Bronchopulmonary carcinoids (BPCs) are rare malignancies but are known to be one of the most common causes of the ectopic adrenocorticotropic hormone (ACTH) syndrome. Surgery is the mainstay of therapy and one key question considering surgical treatment is the impact of local lymph node metastases. We sought to determine the risk factors and prognosis of LN metastases in resected carcinoid patients.
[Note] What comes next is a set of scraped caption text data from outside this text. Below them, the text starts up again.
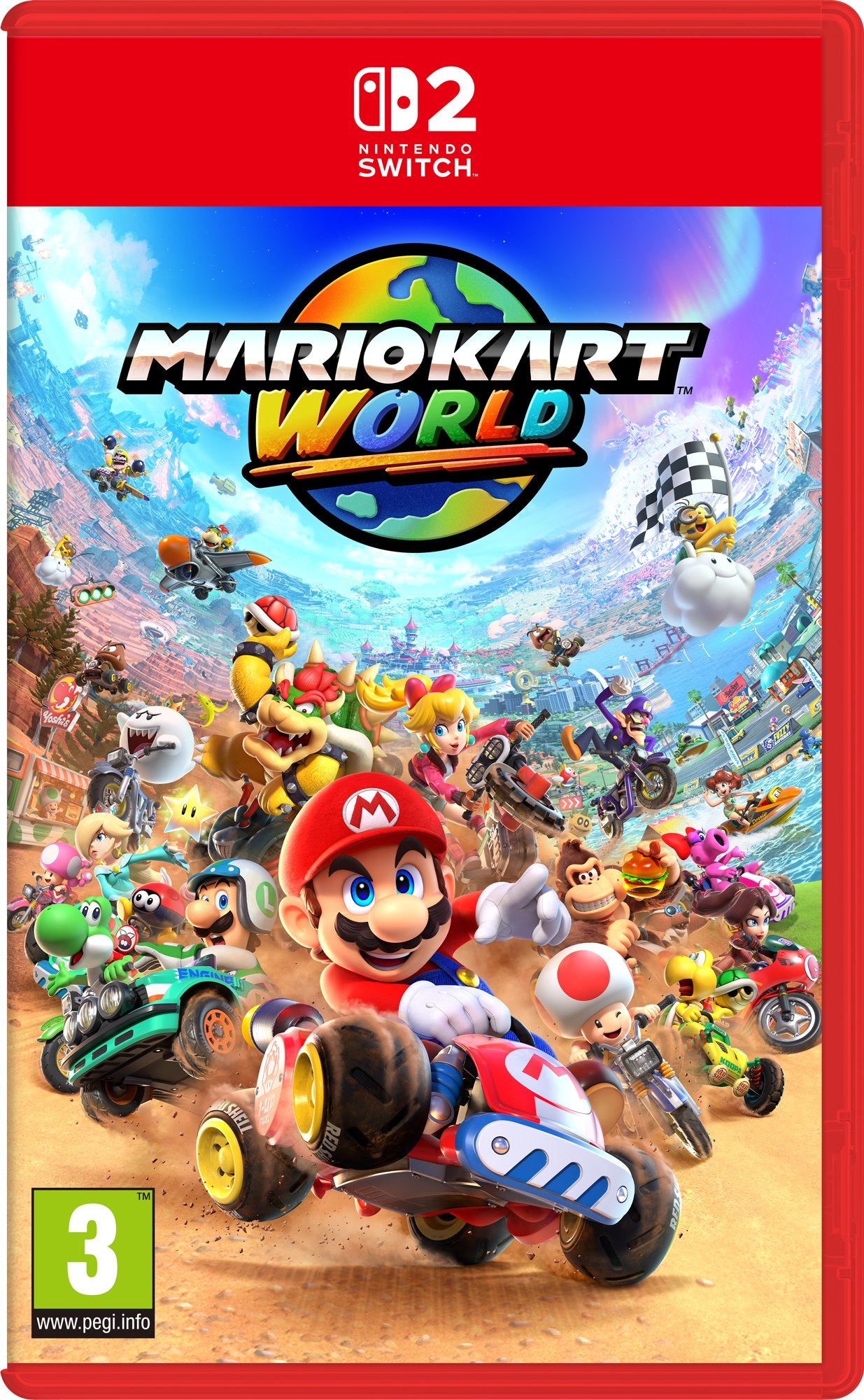 EAN 0045496312350 - Nintendo Mario Kart World Switch 2 Estándar Chino simplificado, Chino tradicional, Alemán, Holandés, Ingl imagen 1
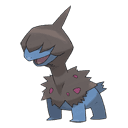 An image of the Pokemon Deino #633 in the Pokedex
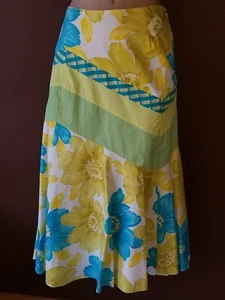 Falda Floral Colección Silk Club Multicolor Primavera/Verano, Talla 4   - Imagen 1 de 6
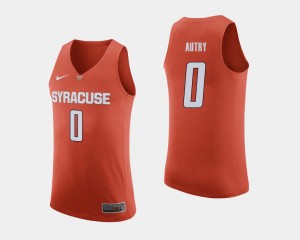 Basketball For Men's #0 Orange Adrian Autry College Jersey Cuse Orange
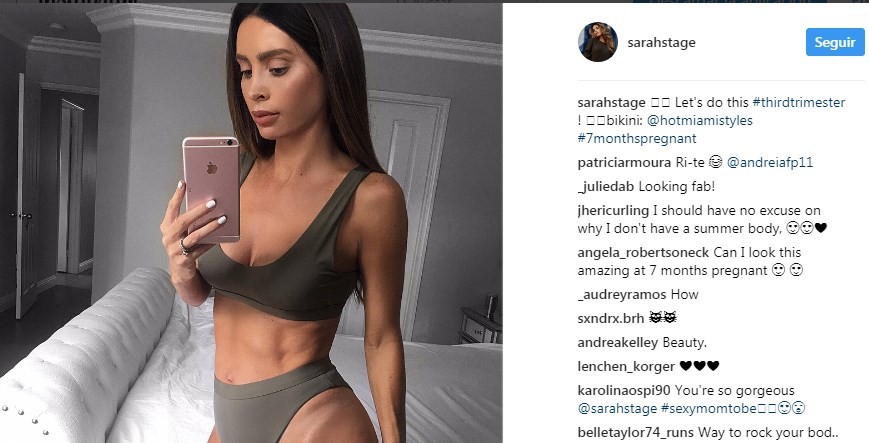 La increíble figura de la modelo que está embarazada de 7 meses | Redes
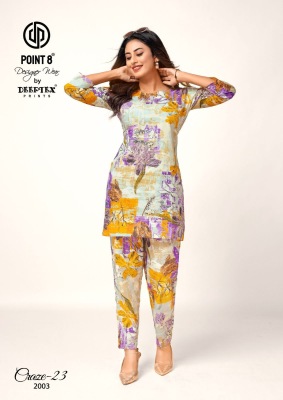 Craze 23 vol 2 by Deeptex fancy printed co ord set catalogue at affordable rate Size wise Combo Set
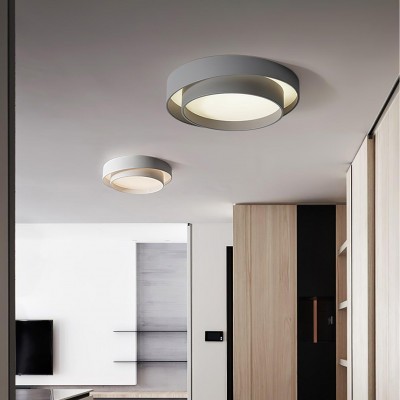 Melady Nordic Irregular Double-Layer Circular Ceiling Light Melady Nordic Irregular Double-Layer Circular Ceiling Light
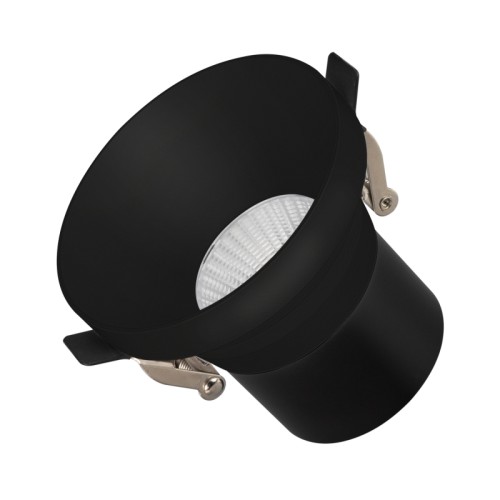 Светильник MS-VOLCANO-BUILT-R82-10W Warm3000 (BK, 38 deg, 230V) (Arlight, IP20 Металл, 5 лет) Встраиваемый светильник даунлайт. Мощность 10 Вт, св. поток 875 лм, 88 лм/Вт, теплый 3000 K, CRI>90, UGR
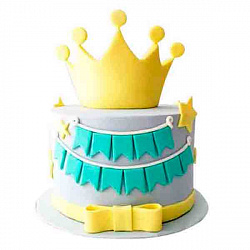 Детский торт Желтая Корона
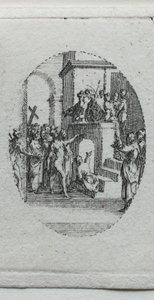 Lidenskabens mysterier: Kristus præsenteret for folket af Jacques Callot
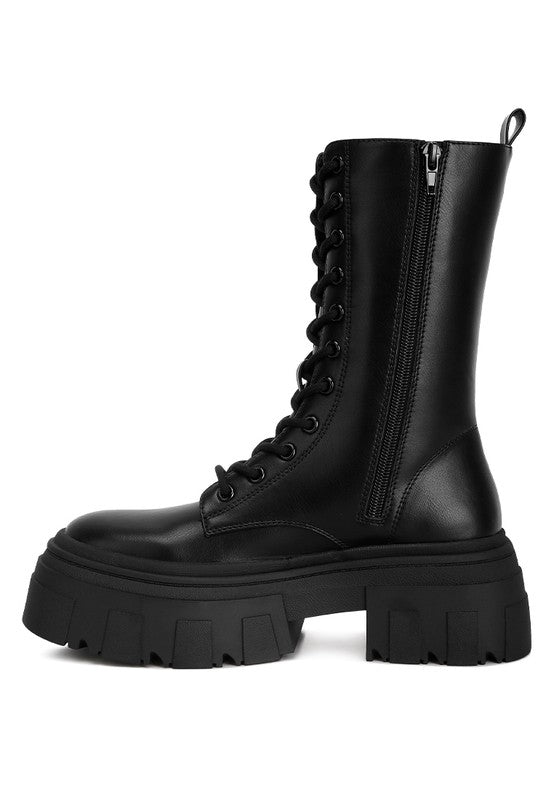 Combat Chunky Boots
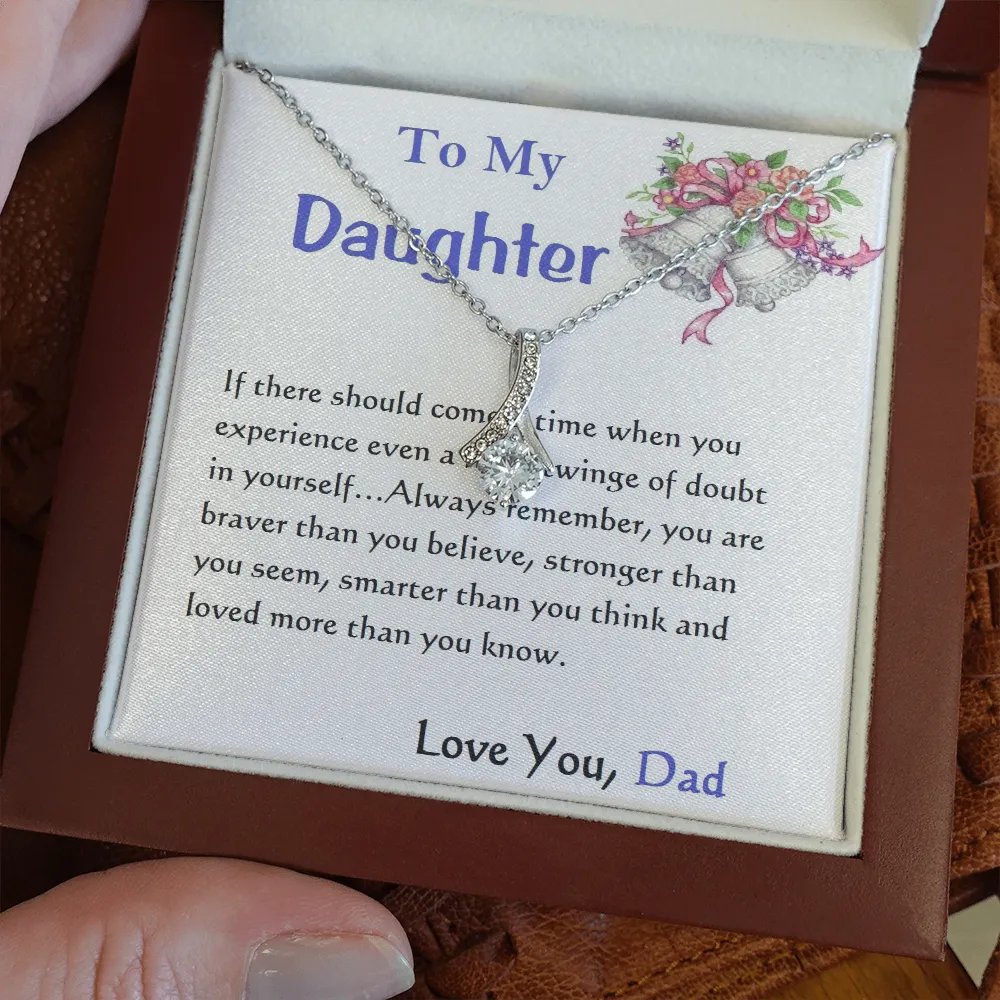 ALLURING BEAUTY Necklace, For Her, Custom Message Card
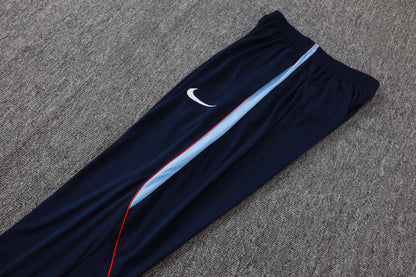 England 1/4 Zip Tracksuit Set - Light Blue/Navy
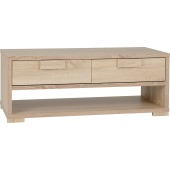 Cambourne 2 Drawer Coffee Table Light Sonoma Oak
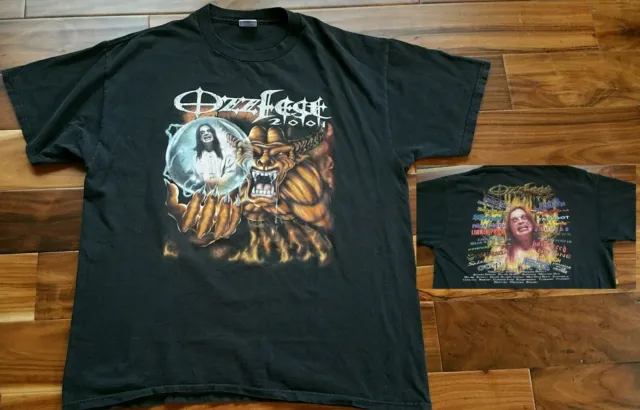 Ozzy Osbourne Ozzfest 2001 Concert T-Shirt Black Sabbath Marilyn Manson Slipknot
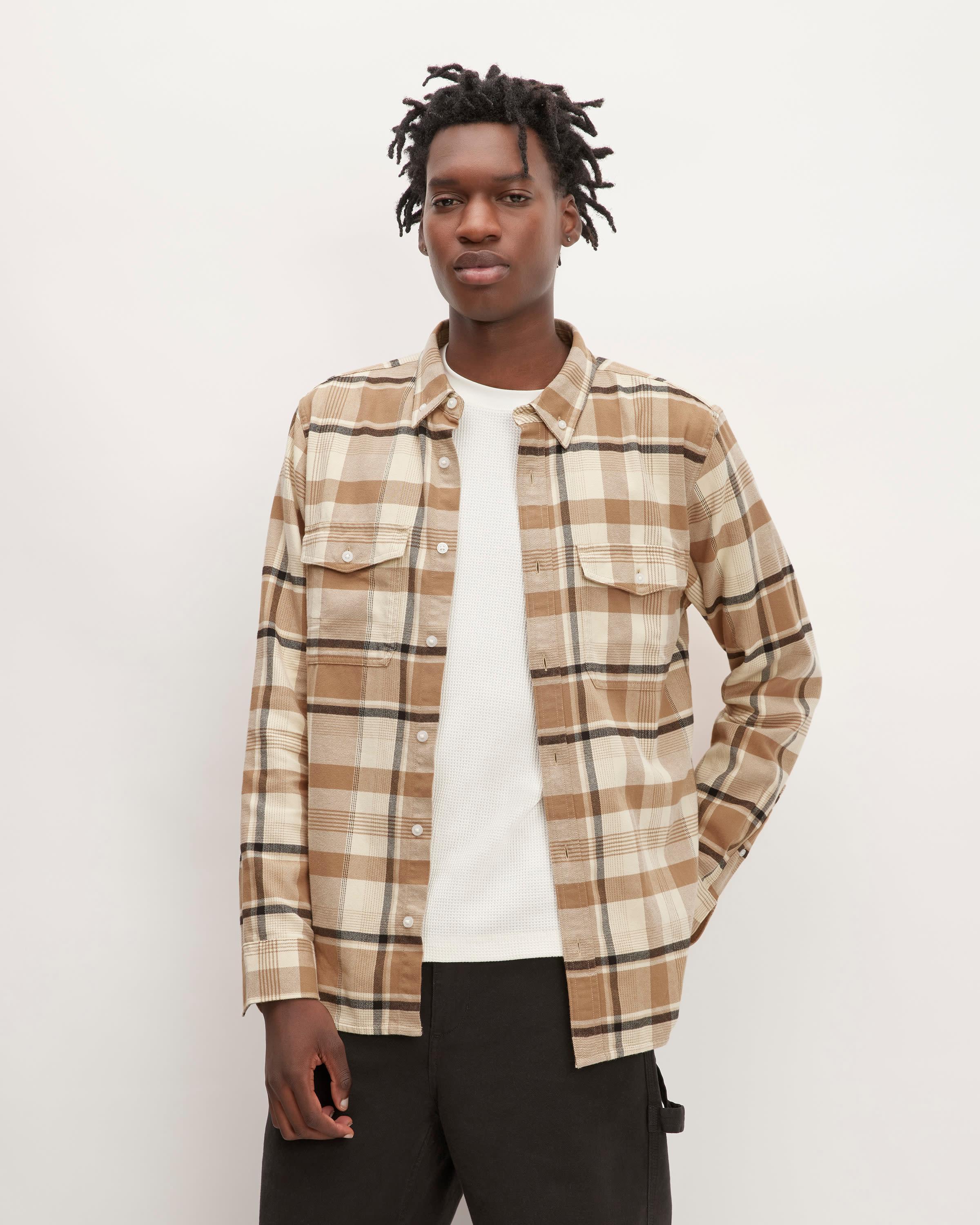 Mens Brushed Flannel Shirt by Everlane Product Image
Data of 42 patients of BPCs with lymph node metastasis who received radical surgery in Peking Union Medical College Hospital (PUMCH) from Jan 2000 to Dec 2021 were retrospectively analysed. Overall survival (OS) and progression-free survival (PFS) were analyzed using Kaplan–Meier curves. Independent prognostic factors were assessed by COX hazard proportion model.


It was indicated that in patients received radical surgery with local lymph node positive of BPCs, the 5-year OS and PFS rate was 74.5%, 68.3%, respectively. Multivariate Cox regression indicated that ectopic ACTH syndrome (EAS) could predict significantly to a better OS and PFS. In the subgroup analysis, the age, tumor size, Ki-67 index, histology and postoperative chemotherapy in patients with EAS had significantly differences with those without EAS.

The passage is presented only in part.